* _Data records_:
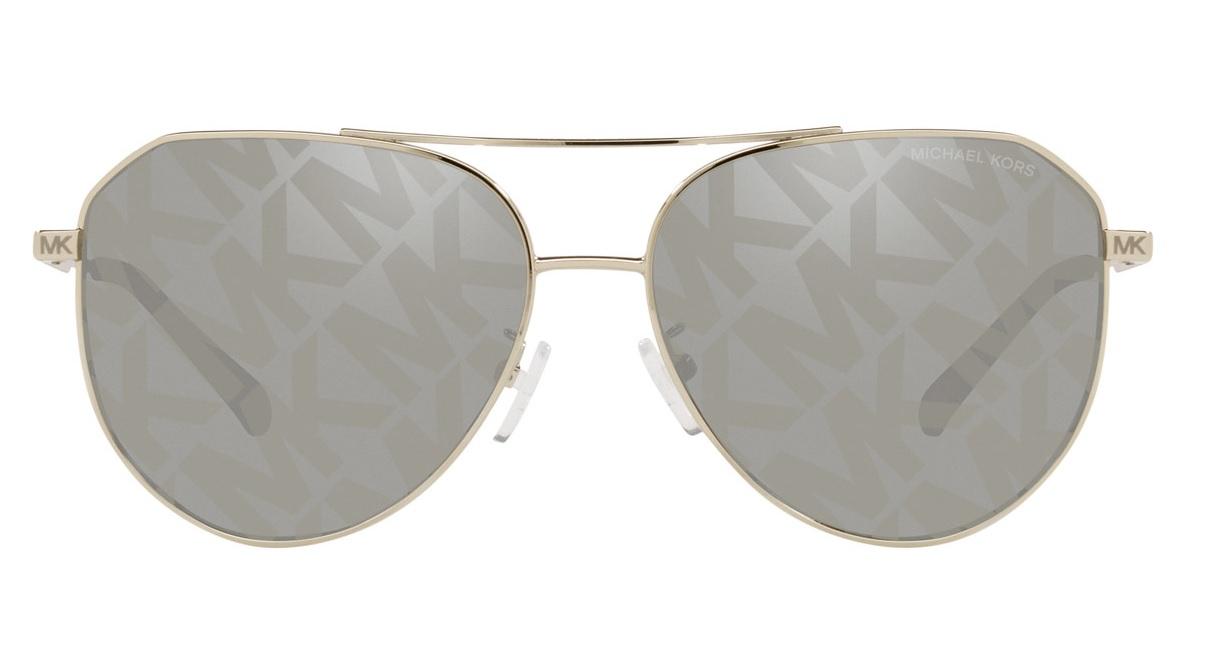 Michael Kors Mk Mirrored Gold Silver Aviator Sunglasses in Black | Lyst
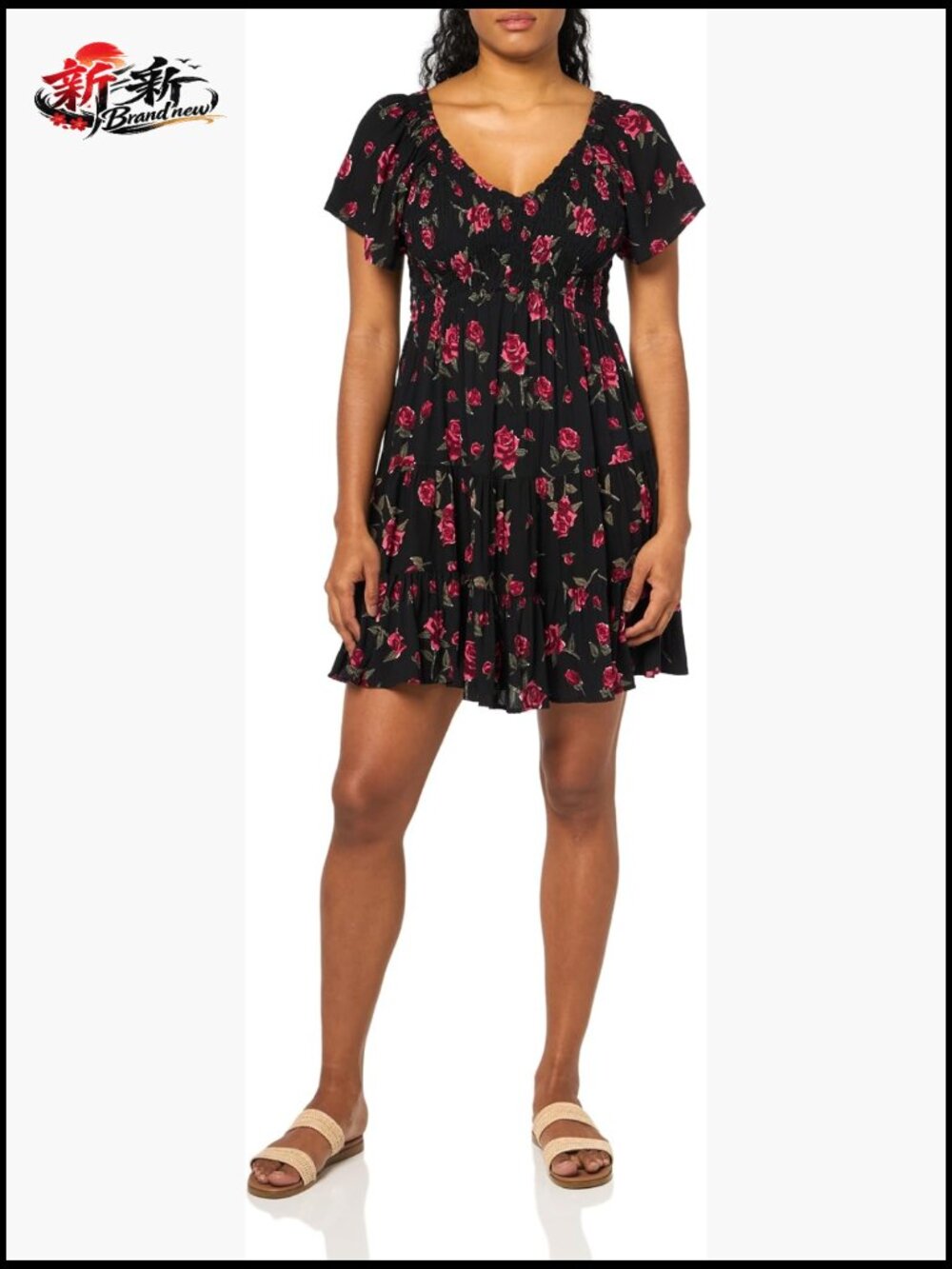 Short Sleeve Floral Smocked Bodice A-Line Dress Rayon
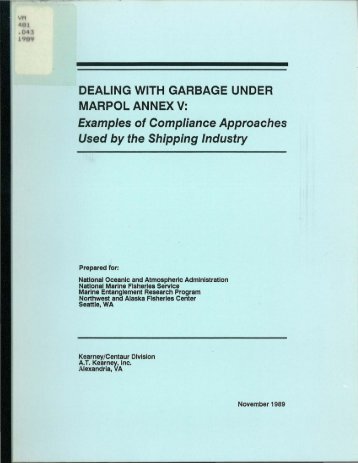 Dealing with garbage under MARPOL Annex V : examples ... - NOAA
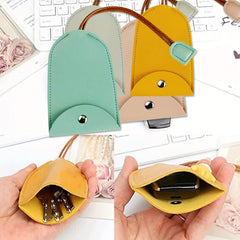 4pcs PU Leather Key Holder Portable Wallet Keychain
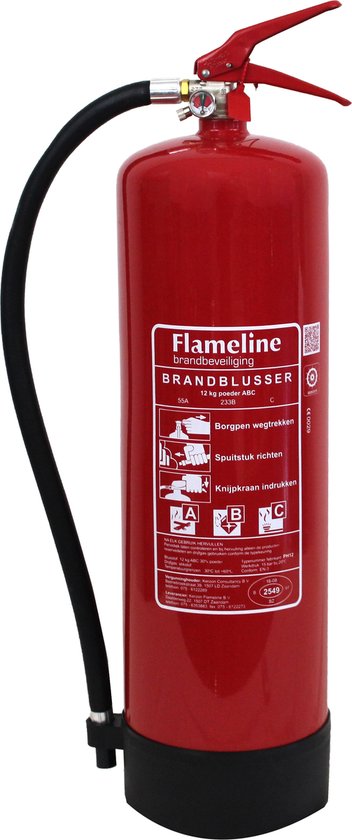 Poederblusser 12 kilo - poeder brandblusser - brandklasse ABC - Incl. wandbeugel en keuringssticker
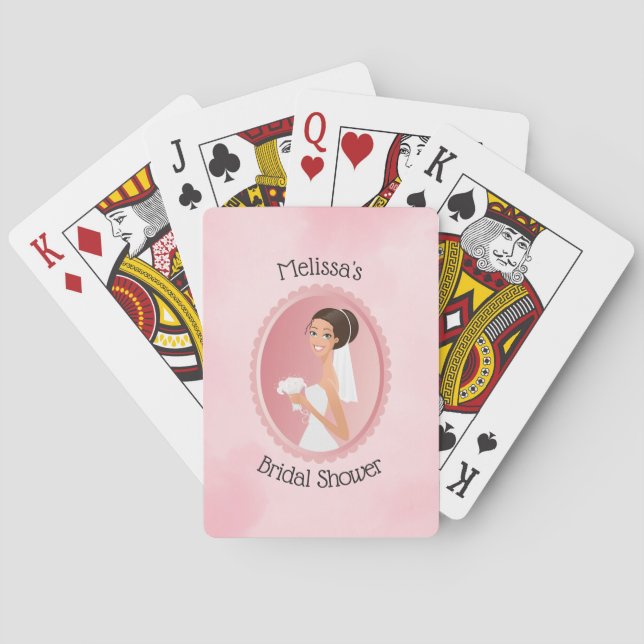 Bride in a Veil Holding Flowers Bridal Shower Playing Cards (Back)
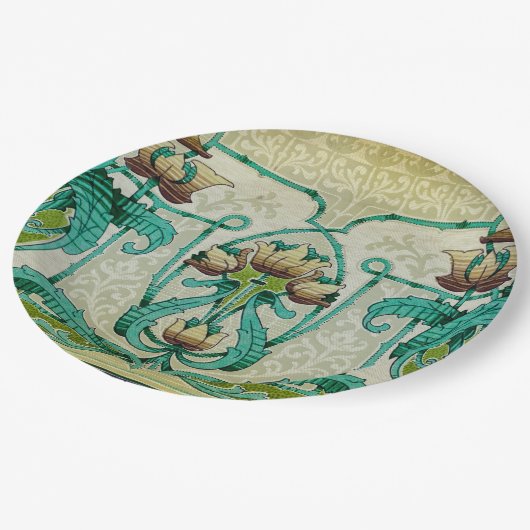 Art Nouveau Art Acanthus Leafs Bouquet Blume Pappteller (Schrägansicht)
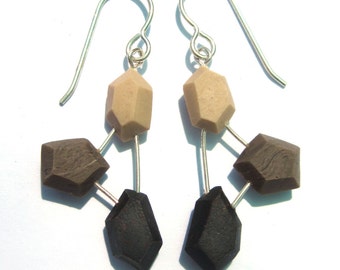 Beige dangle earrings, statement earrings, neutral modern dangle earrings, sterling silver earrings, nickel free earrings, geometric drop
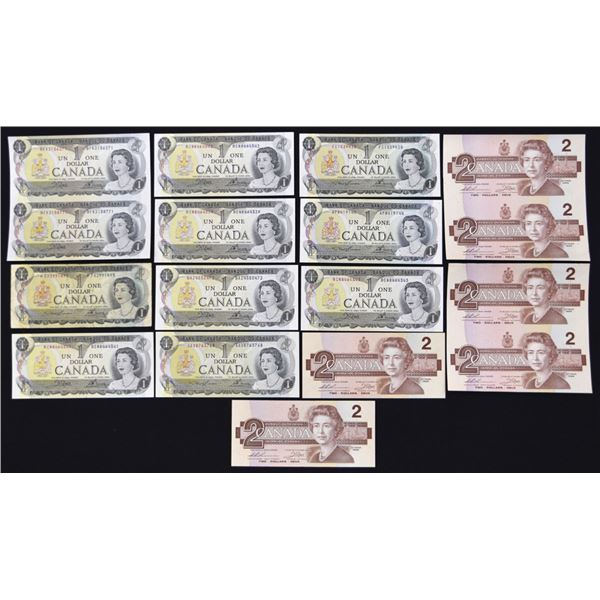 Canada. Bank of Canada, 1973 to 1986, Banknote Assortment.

* _Exercise directions_:
Each line from the one containing "Beige dangle earrings, statement" through the end of the records above is to be retyped exactly, with the pictures omitted and nothing added.

* _Task answer_:
 Beige dangle earrings, statement earrings, neutral modern dangle earrings, sterling silver earrings, nickel free earrings, geometric drop
 Canada. Bank of Canada, 1973 to 1986, Banknote Assortment.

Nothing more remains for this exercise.